▶ **Task directions**: Pull out all lines from the listing below in which the word "Shirt" appears.

▶ **Extracted records**:
"""

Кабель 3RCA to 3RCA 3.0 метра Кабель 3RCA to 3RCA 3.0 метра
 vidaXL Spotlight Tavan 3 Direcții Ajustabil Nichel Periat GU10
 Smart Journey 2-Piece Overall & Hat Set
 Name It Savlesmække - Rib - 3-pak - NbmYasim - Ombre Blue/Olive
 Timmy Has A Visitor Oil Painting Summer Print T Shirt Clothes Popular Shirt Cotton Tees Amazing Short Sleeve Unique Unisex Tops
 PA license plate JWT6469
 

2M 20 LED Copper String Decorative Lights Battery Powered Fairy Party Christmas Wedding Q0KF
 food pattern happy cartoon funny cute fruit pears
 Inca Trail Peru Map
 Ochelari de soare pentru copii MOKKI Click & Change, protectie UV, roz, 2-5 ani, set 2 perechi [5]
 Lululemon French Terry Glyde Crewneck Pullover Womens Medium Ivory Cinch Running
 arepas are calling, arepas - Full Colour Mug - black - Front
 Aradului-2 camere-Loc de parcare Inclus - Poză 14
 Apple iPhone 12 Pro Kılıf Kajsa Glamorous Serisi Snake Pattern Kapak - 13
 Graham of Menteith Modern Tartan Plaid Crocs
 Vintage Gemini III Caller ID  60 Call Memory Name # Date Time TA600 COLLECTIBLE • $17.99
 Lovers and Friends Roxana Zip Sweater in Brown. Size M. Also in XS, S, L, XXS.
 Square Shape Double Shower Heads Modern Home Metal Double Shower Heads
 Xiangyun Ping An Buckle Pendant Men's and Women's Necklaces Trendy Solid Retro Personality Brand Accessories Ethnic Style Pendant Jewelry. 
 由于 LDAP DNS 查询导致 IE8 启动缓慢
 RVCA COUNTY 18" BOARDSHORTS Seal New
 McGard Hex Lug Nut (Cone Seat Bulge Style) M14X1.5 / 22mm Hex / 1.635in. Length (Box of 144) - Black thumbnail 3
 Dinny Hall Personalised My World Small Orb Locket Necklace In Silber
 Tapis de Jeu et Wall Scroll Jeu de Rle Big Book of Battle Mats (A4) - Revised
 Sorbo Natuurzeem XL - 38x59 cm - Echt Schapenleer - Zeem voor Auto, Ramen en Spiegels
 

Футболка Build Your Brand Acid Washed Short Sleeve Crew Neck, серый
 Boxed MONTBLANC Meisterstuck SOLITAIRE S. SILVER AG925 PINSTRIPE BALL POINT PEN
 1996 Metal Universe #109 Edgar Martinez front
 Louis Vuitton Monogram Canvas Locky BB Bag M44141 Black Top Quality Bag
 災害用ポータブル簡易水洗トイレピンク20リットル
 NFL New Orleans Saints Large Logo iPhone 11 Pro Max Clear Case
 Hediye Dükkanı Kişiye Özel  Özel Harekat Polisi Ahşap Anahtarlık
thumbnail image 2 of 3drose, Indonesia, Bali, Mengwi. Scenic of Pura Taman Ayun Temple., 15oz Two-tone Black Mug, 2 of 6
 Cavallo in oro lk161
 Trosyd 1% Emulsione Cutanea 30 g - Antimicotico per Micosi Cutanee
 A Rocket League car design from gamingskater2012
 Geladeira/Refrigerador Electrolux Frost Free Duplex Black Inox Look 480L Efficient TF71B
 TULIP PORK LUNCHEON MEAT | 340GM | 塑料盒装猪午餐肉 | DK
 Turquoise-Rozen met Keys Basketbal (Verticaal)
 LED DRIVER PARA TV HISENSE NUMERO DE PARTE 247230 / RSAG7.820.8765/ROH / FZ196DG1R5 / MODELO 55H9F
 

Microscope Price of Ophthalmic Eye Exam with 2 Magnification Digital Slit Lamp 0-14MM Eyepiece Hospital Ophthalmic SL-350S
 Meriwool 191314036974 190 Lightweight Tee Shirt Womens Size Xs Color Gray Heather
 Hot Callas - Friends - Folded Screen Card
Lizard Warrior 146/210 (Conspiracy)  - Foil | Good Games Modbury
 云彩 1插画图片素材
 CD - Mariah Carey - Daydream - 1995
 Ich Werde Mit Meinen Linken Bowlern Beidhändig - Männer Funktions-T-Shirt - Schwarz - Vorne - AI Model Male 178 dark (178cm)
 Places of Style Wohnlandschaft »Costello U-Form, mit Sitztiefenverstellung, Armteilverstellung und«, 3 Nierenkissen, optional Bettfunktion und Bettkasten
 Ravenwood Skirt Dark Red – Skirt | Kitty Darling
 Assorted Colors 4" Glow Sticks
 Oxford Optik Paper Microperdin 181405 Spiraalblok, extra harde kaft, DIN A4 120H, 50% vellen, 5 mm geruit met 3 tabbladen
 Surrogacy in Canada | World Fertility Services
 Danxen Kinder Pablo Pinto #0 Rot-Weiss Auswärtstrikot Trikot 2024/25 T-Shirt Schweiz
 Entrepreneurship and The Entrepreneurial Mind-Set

"""

▶ **Result below**:
 Timmy Has A Visitor Oil Painting Summer Print T Shirt Clothes Popular Shirt Cotton Tees Amazing Short Sleeve Unique Unisex Tops
 Meriwool 191314036974 190 Lightweight Tee Shirt Womens Size Xs Color Gray Heather
 Ich Werde Mit Meinen Linken Bowlern Beidhändig - Männer Funktions-T-Shirt - Schwarz - Vorne - AI Model Male 178 dark (178cm)
 Danxen Kinder Pablo Pinto #0 Rot-Weiss Auswärtstrikot Trikot 2024/25 T-Shirt Schweiz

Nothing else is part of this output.